• **What to produce**:
Give back, exactly and with nothing added, the lines that run from the one containing "this 700×525 image." to the final line below.

• **Exercise inputs**:
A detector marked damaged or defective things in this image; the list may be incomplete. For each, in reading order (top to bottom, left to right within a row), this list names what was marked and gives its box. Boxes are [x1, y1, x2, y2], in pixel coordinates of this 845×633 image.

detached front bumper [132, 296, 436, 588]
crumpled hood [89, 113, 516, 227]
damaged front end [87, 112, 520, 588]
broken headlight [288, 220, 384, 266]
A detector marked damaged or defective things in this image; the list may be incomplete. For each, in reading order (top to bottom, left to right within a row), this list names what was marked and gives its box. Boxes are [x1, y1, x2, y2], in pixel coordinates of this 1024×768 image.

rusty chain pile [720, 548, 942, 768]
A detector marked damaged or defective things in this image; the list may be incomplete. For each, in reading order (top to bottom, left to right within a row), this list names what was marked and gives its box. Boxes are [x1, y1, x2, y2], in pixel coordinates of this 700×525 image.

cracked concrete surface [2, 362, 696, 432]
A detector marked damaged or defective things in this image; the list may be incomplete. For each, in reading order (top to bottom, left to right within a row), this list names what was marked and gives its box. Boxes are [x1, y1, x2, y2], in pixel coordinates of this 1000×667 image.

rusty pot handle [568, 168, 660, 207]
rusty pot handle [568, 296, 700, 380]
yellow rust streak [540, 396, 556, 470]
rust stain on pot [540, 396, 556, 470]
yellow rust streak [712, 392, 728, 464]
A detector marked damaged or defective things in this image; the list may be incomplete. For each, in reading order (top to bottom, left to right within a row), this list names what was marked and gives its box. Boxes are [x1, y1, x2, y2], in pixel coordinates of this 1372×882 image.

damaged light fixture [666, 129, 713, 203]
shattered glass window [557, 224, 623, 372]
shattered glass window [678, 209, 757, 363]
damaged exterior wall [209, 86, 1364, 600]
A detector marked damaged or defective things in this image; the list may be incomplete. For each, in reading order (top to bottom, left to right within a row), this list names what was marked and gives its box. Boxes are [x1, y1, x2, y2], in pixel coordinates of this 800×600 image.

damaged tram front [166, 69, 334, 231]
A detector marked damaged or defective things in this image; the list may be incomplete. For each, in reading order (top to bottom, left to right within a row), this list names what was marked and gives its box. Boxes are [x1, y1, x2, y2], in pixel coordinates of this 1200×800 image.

• **Answer to the exercise**:
A detector marked damaged or defective things in this image; the list may be incomplete. For each, in reading order (top to bottom, left to right within a row), this list names what was marked and gives its box. Boxes are [x1, y1, x2, y2], in pixel coordinates of this 700×525 image.

cracked concrete surface [2, 362, 696, 432]
A detector marked damaged or defective things in this image; the list may be incomplete. For each, in reading order (top to bottom, left to right within a row), this list names what was marked and gives its box. Boxes are [x1, y1, x2, y2], in pixel coordinates of this 1000×667 image.

rusty pot handle [568, 168, 660, 207]
rusty pot handle [568, 296, 700, 380]
yellow rust streak [540, 396, 556, 470]
rust stain on pot [540, 396, 556, 470]
yellow rust streak [712, 392, 728, 464]
A detector marked damaged or defective things in this image; the list may be incomplete. For each, in reading order (top to bottom, left to right within a row), this list names what was marked and gives its box. Boxes are [x1, y1, x2, y2], in pixel coordinates of this 1372×882 image.

damaged light fixture [666, 129, 713, 203]
shattered glass window [557, 224, 623, 372]
shattered glass window [678, 209, 757, 363]
damaged exterior wall [209, 86, 1364, 600]
A detector marked damaged or defective things in this image; the list may be incomplete. For each, in reading order (top to bottom, left to right within a row), this list names what was marked and gives its box. Boxes are [x1, y1, x2, y2], in pixel coordinates of this 800×600 image.

damaged tram front [166, 69, 334, 231]
A detector marked damaged or defective things in this image; the list may be incomplete. For each, in reading order (top to bottom, left to right within a row), this list names what was marked and gives its box. Boxes are [x1, y1, x2, y2], in pixel coordinates of this 1200×800 image.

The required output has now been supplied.